# Marantz NR1501 "Slimline" Review



## KASR (Jun 9, 2009)

*Features:*

7 ch Discrete Analog Amplifier (50 watts x 7) in Slim Design Chassis
HDMI 1.3 x4 Inputs / x1 Output
Decoding of Dolby TrueHD, dts-HD Master Audio
Video Converter for All Analog Sources to HDMI
Independent Audio Board for Improved Sound
Simple Set-up with MRAC Auto Calibration
Component Video x3 Inputs / x1 Output
Analog Audio Inputs x5, Digital Audio Inputs x3
Marantz Remote D-Bus In/Out Jacks
Detachable Power Cord
On Screen Display for Setup through HDMI out
Glow Key, Precode Remote Control

I just bought this two days ago and I am still learning the intricacy of the setup and calibration - I'll be able to give a better review once I've had time to real dig into it's nuances.

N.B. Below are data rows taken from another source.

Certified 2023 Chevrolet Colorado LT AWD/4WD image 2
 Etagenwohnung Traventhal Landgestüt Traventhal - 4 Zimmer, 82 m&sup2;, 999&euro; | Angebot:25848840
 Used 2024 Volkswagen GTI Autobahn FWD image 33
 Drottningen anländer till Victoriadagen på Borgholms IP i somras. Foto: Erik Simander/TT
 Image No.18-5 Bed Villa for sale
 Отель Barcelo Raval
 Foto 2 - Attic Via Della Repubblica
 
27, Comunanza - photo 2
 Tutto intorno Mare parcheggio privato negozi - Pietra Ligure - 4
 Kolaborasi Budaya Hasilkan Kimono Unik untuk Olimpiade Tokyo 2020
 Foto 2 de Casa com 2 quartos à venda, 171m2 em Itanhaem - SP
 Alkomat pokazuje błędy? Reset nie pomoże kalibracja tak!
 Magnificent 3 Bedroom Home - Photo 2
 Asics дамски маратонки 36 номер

However, at first glance: I do like the look and full of the receiver - I was surprised by how short this receiver truly was. The Harman Kardon AVR154 that I previously owned was easily double the height.

The OSD is easy to configure - I did have to allow for alittle acclimation as it was slightly different than the H/K OSD - with that said, the Marantz OSD seemed dumbed down and remedial...perhaps it simply doesn't need as much configuring head-room...I'm not sure yet. I'll continue to tinker.

The audio codecs shine here - full suite of Dolby and DTS, including the TrueHD and Master Audio lossless codecs. I have set up my two other surrounds for full 7.1 and perhaps that is why Dolby Digital ES sounded much more dramatic than when I switch to TrueHD (Bourne Ultimatum) ... again, some tinkering is in store.

Let's talk about what I don't like: no pre-amp outs mean no headroom for expansion in the amplification area (which I may not need since the room I currently have setup doesn't need that much power pumped through the soundstage....unless I'm trying to peel paint off the walls!)
Secondly, no 5.1 analog inputs...however, since I am going full HDMI, this isn't really a huge issue.
Third: no zone two or zone three. Again, since I'm planning on doing 7.1, this isn't a show stopper - however, I was kinda looking forward to setting up a second area, perhaps the back patio, with some speakers.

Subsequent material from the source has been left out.